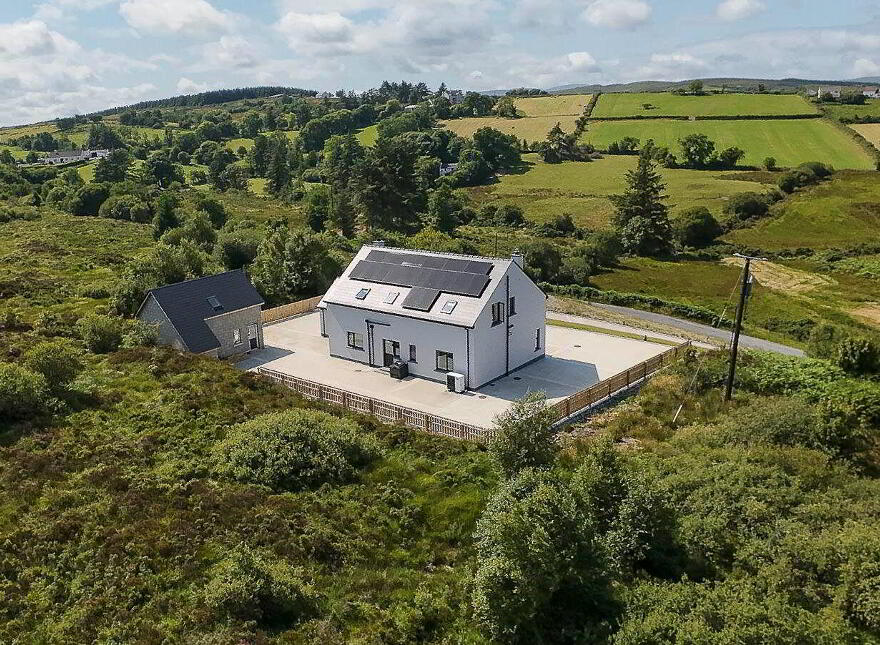 Prucklish, Newmills, Newmills, F92HPK1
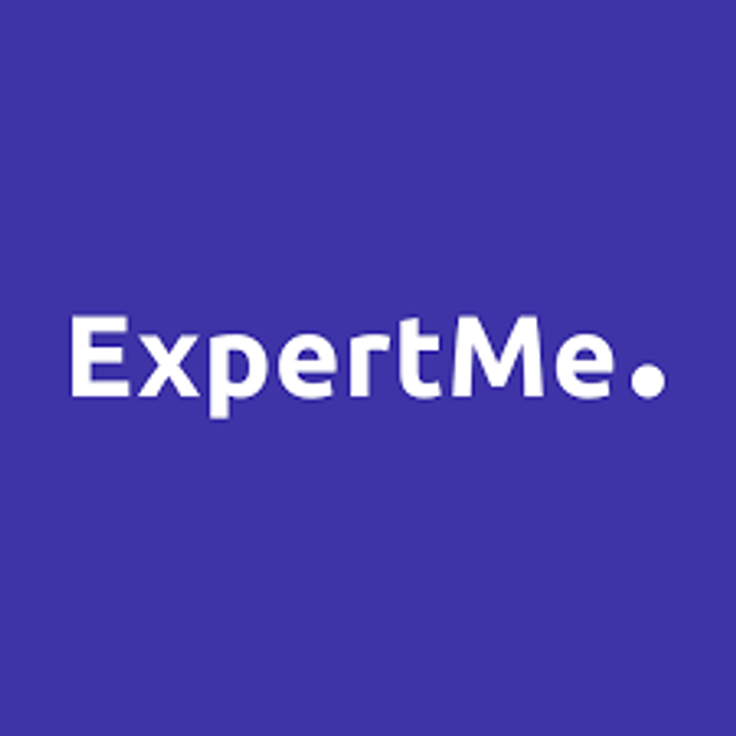 ExpertMe logo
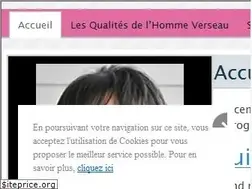 Sites similar to homme-verseau.fr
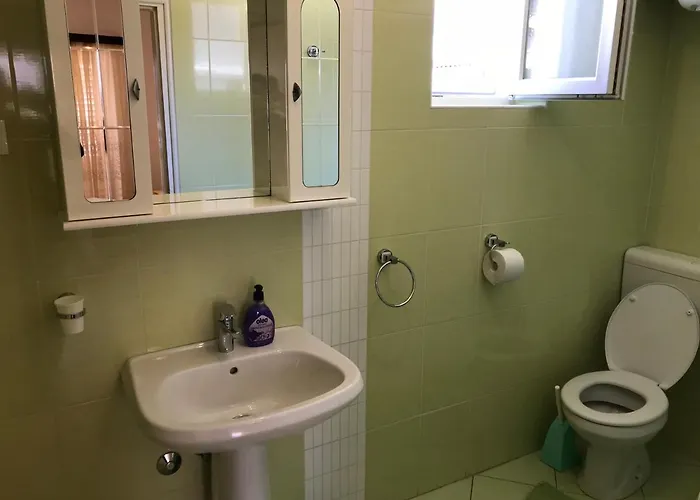 Summer Gasthof Baška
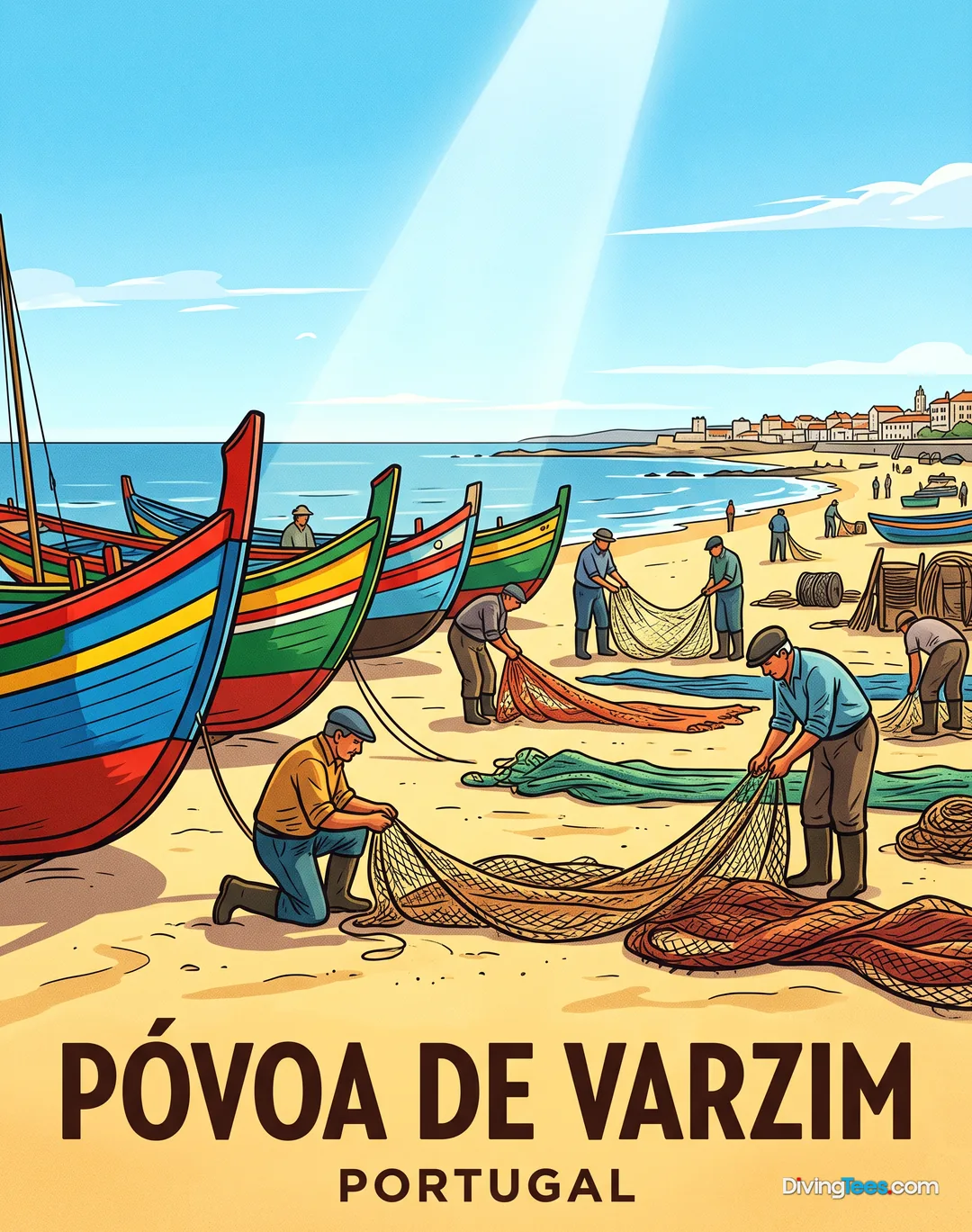 Póvoa de Varzim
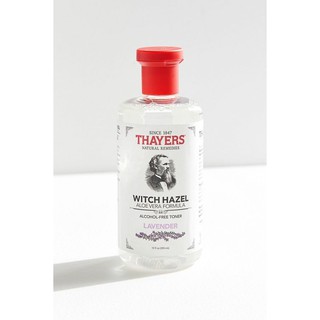 Toner THAYERS Witch Hazel Alcohol-Free Lavender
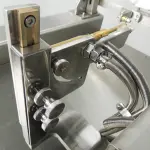 Multi-Purpose Textile Flammability Tester TF319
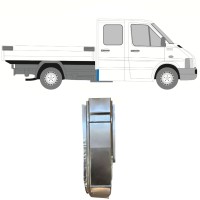 Popravni panel zadnjega vogala za Volkswagen LT 1996-2005 / Desna 16594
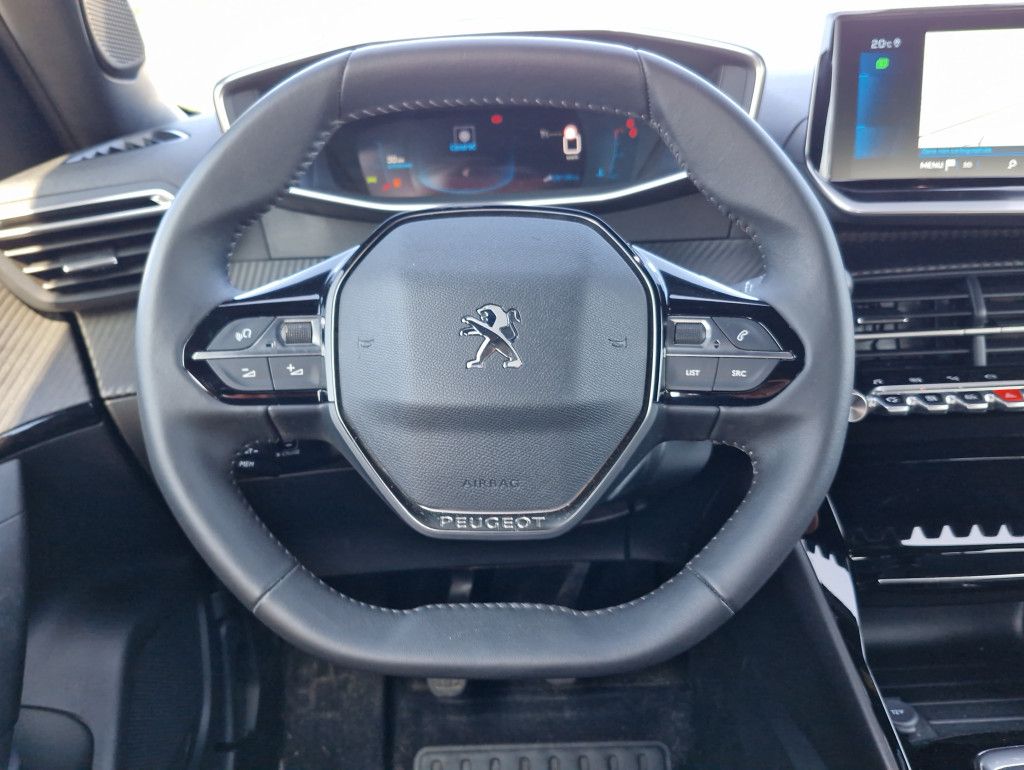 Peugeot 2008 PureTech 100 Allure Pack LED Navi PDC Alu 1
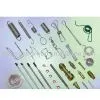 Precise Springs and Turned Parts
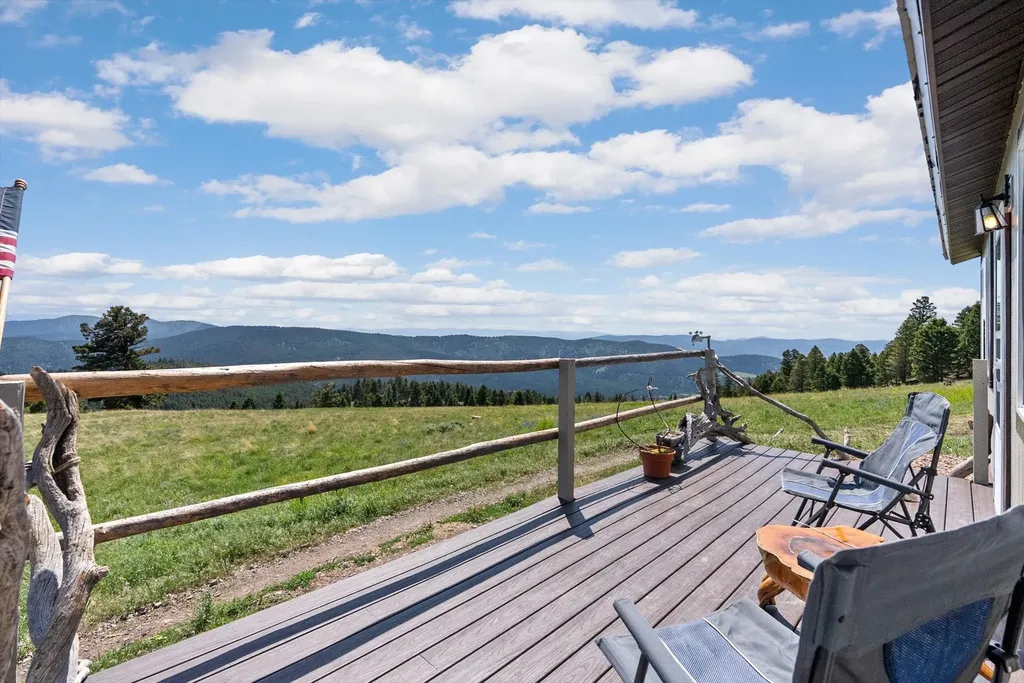 3858 Westridge Road Helmville MT 59843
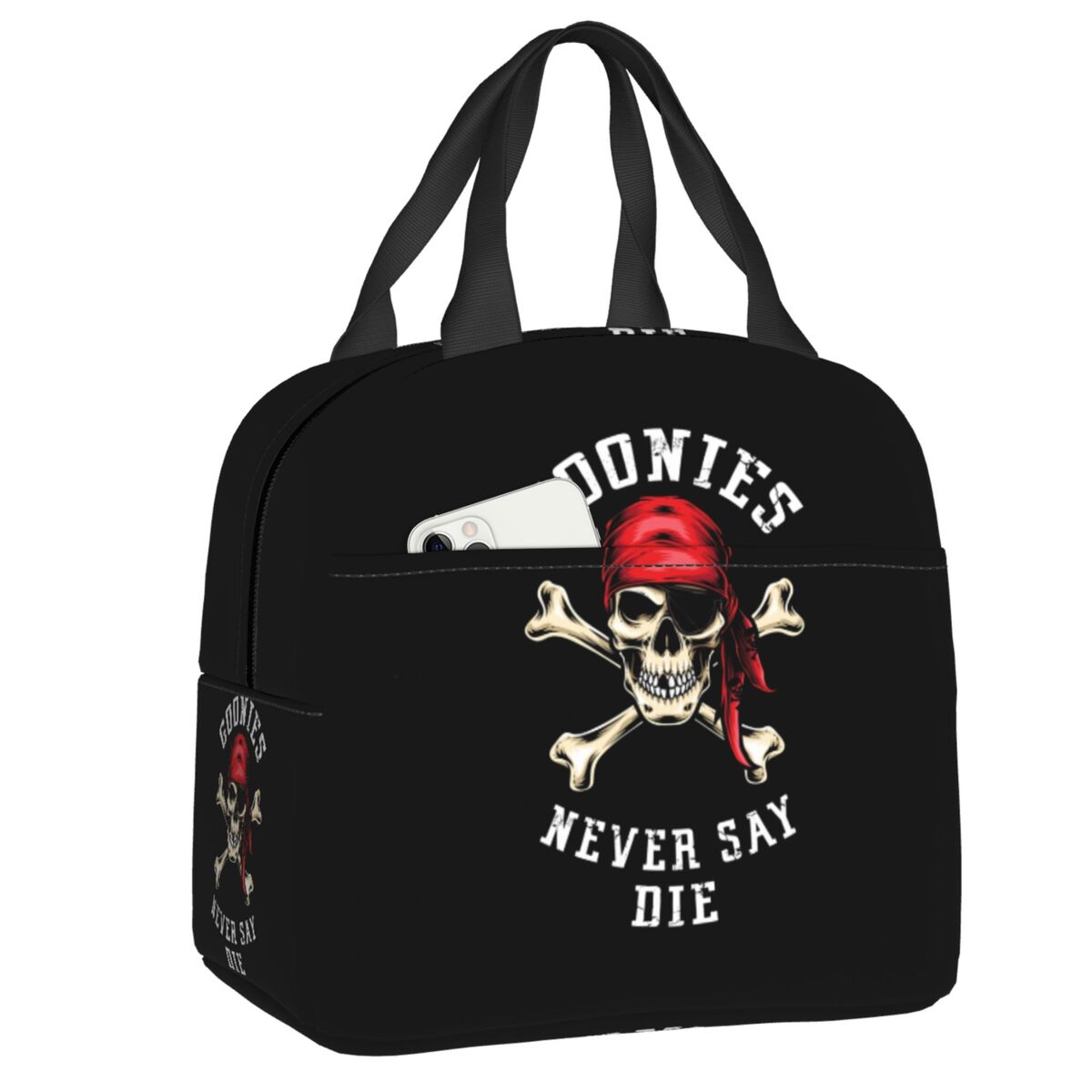 Custom Goonies Never Say Die I - Outdoor Adventure Movies 评论和价格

■ EXERCISE
The material should be returned verbatim, with all images omitted.

■ ANSWER SECTION
 Prucklish, Newmills, Newmills, F92HPK1
 ExpertMe logo
 Sites similar to homme-verseau.fr
 Summer Gasthof Baška
 Póvoa de Varzim
 Toner THAYERS Witch Hazel Alcohol-Free Lavender
 Multi-Purpose Textile Flammability Tester TF319
 Popravni panel zadnjega vogala za Volkswagen LT 1996-2005 / Desna 16594
 Peugeot 2008 PureTech 100 Allure Pack LED Navi PDC Alu 1
 Precise Springs and Turned Parts
 3858 Westridge Road Helmville MT 59843
 Custom Goonies Never Say Die I - Outdoor Adventure Movies 评论和价格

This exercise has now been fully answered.